You are a financial adviser meeting with a long-time client, “Bob.” Bob is in his late 70’s, retired, and a widower who lives alone. Though he has a good relationship with his adult children, they live far away. Bob is not exorbitantly wealthy, but he planned well for retirement. He lives comfortably and plans to leave some money for his children when he is gone. Though you know Bob to be a very intelligent man, you have noticed in recent meetings that his memory is slipping, and that his ability to digest financial information is not what it used to be. In today’s meeting, Bob is accompanied by “John,” who Bob calls his nephew. Bob hasn’t spoken of John before, and you have never met him, but John is keenly aware of Bob’s financial affairs. Bob and John—mostly John—are asking for your help to liquidate some of Bob’s investments without giving you a clear reason why. When you begin to ask questions, John cuts you off and insists you respect Bob’s wishes and honor his instructions. Bob nods in agreement. What do you do?
This type scenario, unfortunately, plays out far too often. Bob exemplifies a growing number of senior citizens and vulnerable adults who are targeted by bad actors for financial exploitation and fraud. Sadly, many such bad actors are family members or close acquaintances of their victims. In 2017, AARP conducted a survey of 1,028 people from the “general investor population,” including 214 individuals who had been victims of financial fraud. Over half of those identified as victims were over the age of 70, nearly 80% of victims lived alone or with a spouse only, and 54% of victims were retired and not looking for work.
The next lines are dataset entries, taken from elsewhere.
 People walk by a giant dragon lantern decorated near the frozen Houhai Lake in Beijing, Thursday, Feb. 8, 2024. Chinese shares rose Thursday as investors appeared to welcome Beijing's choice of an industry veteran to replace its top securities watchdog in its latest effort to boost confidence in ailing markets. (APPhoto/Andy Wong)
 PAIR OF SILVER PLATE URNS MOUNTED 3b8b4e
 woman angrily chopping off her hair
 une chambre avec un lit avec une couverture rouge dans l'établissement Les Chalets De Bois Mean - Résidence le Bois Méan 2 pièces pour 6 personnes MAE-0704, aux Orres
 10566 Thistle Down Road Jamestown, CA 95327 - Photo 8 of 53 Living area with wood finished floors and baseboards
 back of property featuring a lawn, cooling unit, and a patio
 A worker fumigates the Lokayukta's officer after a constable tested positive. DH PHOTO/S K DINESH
The AARP study also notes a recent uptick in regulatory complaints, investigations, and enforcement actions related to financial exploitation and fraud, many of which involve senior victims. For example:
The Federal Trade Commission’s Consumer Sentinel Program, a central repository for fraud complaints in the U.S., reports that complaint volume has increased by 60% in the past five years
The U.S. Securities and Exchange Commission (SEC) has increased the number of investment fraud prosecutions by approximately 15% per year since 2014
The Commodity Future Trading Commission (CFTC) has reported a huge increase in the number of enforcement actions it has taken, imposing $3.14 billion in civil monetary penalties in 2014 alone
However, these regulatory efforts are often too little too late. As a former regulator, I can say from experience that it is very difficult to make whole a victim of financial fraud or exploitation after a fraudulent transaction has occurred. Many fraudulent transfers are made to overseas accounts, or to bad actors who quickly spend their ill-gotten gains. Even when the fraudsters are caught, they rarely have the ability to give back what they took.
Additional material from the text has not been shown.